Welche KI-Experimente lohnen sich für Kreative heute – und welche lieber nicht?
Mir wird zu viel über das Erstellen von Inhalten mit KI geredet und zu wenig über das Verarbeiten von Inhalten mit KI. Noch nie zuvor konnten wir Datensätze und lange Texte so gut nach spannenden Nuggets durchforsten oder Ideen und Informationen zuordnen. Wer ein eigenes Archiv aus Ideen und Texten hat, lebt dank LLMs (Large Language Models) im Paradies. Und wer keins hat, kann jetzt eins aufbauen.
Wofür können wir KI nicht gebrauchen und sollten darauf verzichten?
KI als Verkaufsargument zieht nicht mehr – zumindest nicht für Endverbrauchende. In den USA beobachtet man häufig „Fenno’s Paradox“: Das Phänomen, dass Menschen grundsätzlich mit dem Kongress unzufrieden sind, mit ihrem eigenen Kongressabgeordneten aber zufrieden. So etwas ähnliches scheint mir auch bei KI zu entstehen.
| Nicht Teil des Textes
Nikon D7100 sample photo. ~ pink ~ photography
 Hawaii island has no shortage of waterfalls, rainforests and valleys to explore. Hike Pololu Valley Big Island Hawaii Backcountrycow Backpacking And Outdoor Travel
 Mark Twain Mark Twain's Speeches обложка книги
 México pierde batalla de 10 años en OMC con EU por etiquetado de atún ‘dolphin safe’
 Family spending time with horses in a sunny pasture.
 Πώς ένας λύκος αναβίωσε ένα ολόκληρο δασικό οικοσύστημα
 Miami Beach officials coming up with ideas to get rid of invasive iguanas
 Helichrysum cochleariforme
Leute nutzen gerne ihre eigenen Chatbots und Tools, an die sie sich gewöhnt haben – aber alles von außen ist so hype-durchtränkt, dass sie nur Enttäuschung erwarten. Schon jetzt zeigen Untersuchungen, dass das Wort „KI“ bei Verbrauchern unbeliebter wird. Gleichzeitig nutzen ChatGPT bald eine Milliarde Menschen die Woche. Wilde Zeiten.